Despite the sharp partisan divide, Americans nonetheless support immigration and US numbers aren’t so different from Canadian numbers. In July 2023, Gallup found that 68% of the country believed immigration was a good thing, and a majority wanted to see the same number or more immigrants. Similar to Canadian numbers, 41% of people wanted to see fewer immigrants, up from an all-time low of 28% in 2020. That 41% is conditioned by partisan affiliation, with 73% of Republicans wanting to see the number of immigrants decline compared to 18% of Democrats – a more pronounced partisan split than in Canada.

A hot-button election issue?

With the US presidential election coming in November, a Canadian election due by October 2025, and persistent affordability and social service issues, immigration is set to become a critical issue on both sides of the border.

In the US, Thompson expects immigration to play out as it typically does, including a Republican focus on irregular migrants and strengthening the border.

“In a really powerful sense, as a hot-button issue, immigration is going to be front of mind for American voters,” he says.
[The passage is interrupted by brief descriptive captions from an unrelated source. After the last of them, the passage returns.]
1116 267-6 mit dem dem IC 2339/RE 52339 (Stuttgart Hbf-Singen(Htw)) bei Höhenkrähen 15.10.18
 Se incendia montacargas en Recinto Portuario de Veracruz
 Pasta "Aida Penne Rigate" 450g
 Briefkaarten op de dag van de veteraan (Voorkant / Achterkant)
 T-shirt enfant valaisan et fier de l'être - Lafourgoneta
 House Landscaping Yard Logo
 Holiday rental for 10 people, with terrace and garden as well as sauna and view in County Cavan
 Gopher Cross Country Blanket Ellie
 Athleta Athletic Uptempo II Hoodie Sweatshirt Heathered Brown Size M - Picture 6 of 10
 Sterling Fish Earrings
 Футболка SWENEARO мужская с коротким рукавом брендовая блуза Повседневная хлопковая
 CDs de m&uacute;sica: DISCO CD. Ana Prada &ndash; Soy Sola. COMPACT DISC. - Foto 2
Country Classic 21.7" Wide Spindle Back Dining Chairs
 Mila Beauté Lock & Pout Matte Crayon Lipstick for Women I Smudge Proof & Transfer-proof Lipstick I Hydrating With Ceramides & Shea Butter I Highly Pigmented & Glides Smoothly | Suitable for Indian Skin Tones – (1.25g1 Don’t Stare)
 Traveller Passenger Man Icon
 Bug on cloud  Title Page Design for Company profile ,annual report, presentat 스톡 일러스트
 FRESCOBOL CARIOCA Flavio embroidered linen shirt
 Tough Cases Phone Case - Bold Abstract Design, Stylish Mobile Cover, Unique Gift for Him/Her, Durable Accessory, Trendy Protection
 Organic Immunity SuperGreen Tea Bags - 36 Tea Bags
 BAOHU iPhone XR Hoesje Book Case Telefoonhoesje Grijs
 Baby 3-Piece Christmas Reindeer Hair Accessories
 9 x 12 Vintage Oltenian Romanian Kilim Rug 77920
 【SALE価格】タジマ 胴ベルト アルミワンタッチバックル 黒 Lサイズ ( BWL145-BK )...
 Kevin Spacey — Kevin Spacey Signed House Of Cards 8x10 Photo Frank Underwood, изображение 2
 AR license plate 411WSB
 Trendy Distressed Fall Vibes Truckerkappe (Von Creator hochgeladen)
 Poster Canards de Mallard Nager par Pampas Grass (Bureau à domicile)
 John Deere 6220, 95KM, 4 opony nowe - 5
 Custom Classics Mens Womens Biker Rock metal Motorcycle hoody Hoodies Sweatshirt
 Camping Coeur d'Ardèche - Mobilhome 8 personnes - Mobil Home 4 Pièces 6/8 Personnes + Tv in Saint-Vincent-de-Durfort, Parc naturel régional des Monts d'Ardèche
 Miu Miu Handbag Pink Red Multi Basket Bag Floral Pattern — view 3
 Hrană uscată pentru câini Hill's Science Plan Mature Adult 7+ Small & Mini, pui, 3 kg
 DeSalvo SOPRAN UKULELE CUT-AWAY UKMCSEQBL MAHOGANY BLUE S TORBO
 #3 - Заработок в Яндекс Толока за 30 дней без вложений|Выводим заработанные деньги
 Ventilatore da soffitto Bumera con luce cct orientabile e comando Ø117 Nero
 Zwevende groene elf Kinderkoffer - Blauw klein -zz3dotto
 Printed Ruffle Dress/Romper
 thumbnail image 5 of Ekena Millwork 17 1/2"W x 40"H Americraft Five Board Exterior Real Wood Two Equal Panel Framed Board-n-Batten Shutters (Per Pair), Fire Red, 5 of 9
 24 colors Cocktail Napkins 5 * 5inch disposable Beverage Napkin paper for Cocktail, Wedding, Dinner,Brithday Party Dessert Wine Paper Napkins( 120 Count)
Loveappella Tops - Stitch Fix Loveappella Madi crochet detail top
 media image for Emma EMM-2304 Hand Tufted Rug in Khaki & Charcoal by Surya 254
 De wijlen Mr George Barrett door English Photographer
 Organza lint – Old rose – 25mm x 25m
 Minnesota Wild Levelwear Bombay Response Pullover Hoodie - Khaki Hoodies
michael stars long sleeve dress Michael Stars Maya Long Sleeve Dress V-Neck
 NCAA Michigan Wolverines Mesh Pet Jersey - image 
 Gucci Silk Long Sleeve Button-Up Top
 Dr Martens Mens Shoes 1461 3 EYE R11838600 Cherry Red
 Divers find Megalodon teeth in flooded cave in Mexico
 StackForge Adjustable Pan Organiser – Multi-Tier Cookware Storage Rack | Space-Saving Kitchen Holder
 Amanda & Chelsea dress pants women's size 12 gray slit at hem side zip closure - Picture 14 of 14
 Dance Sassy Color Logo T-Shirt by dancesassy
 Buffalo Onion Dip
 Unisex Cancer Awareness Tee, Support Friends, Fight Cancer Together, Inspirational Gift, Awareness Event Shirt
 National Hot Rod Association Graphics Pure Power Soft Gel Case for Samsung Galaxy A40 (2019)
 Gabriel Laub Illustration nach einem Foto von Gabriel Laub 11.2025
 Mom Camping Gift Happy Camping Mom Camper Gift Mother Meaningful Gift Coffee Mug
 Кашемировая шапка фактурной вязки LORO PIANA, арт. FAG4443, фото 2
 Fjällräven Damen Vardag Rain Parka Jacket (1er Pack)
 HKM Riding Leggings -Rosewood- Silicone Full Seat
That’s especially true as irregular crossings are up along the Mexican border and governors are sending migrants to northern cities, including New York, where Mayor Eric Adams says the city can’t handle the numbers.

In Canada, Thompson says, the immigration framing will be more a derivative of “bread and butter issues.”

“I don’t think Canadians will turn anti-immigrant. But I think they will become more skeptical in the context of housing shortages, affordability issues, and strains on the healthcare and education systems.”

Immigration is set to be a central issue in both Canada and the US in the coming months and years and will shape political fortunes as we approach two big elections. And while both countries are receptive to immigrants, there’s a risk that pro-immigration attitudes in the US decline.

There’s also a risk that Canada’s longstanding, cross-partisan consensus on welcoming newcomers fractures as crises in housing, education, healthcare, and affordability persist. The need to find policy solutions that respond to pressures without scapegoating newcomers is important and will test the current crop of leadership, threatening political incumbents – and immigrants, too.